ADH: As independent creators, what is your approach to marketing your work? Is it even something that you think about, or are you more concerned with simply putting together a great story?

ED: We put a lot of time and effort into creating the best comic we can.  Unfortunately that’s not enough if no one knows about Little Guardians.  We use social media, comic conventions, bookstore signings, Patreon, and other advertisement outlets in an effort to spread the word.

LEE: You CAN NOT ignore promotion. Getting your work seen by the right people and connecting with an audience will make the difference between a hobby and a career. The trick is you never know when that opportunity is going to come along, and when it does you have to be ready for it. Every decision we've made while developing the Little Guardians series has been trying to put our best foot forward. Promotion and marketing are a big part of that.

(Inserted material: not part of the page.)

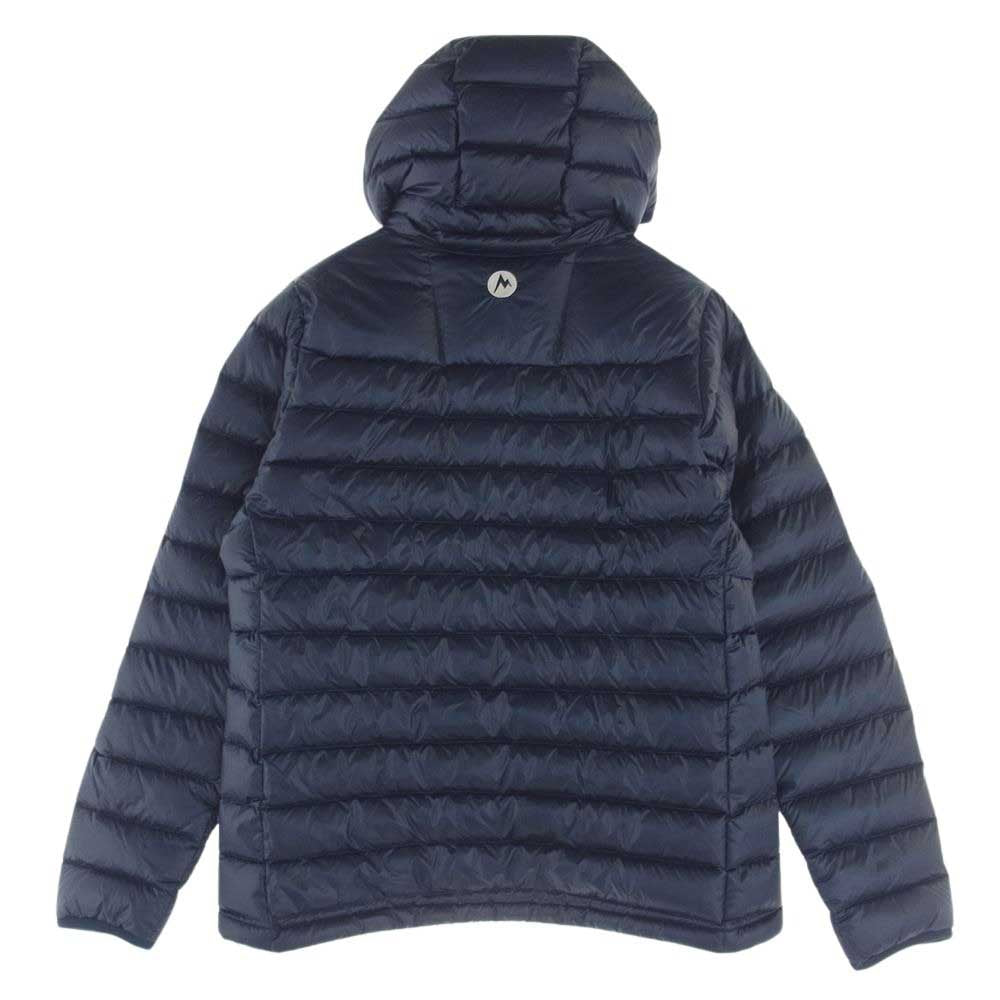 MARMOT マーモット TOWSJL20 1000 Ease Down Hoody ダウン フーディー パーカー ジャケット ネイビー系 L【中古】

ADH: What are your ultimate plans for Little Guardians? Will you keep it independent? Or do you aspire to see in printed with the likes of Image, Dark Horse, IDW, etc.?

ED: That is a very timely question.  Right now we’re independent where we fund our work through Patreon and the sale of books that we print in small batches.  In the back of our minds we always hoped to one day get picked up by a publisher.  Recently we realized in today’s world of digital distribution, print on demand, and the growing reach of the internet, we don’t need to wait around like some damsel in distress.  We’re looking into creating our own small press publisher for Little Guardians.  More news on this to come!

LEE: The tools exist to do everything you want to do in comics with or without a publisher. Our plan is to think 3 steps ahead and push Little Guardians as far as humanly possible. At the end of the day, I'm creating work that I love and that is immensely, personally fulfilling. Ed and I bake a wonderful cake. A publisher would be the icing on that cake and the truck that can drive around and give that cake to a lot of people. But we're also already building our own truck as well. :D When you're a do it yourself creator, you really have to do it all.

As for long term, I want my books in libraries and classrooms, a cartoon adaptation, music, toys, you name it. Why not shoot for the stars?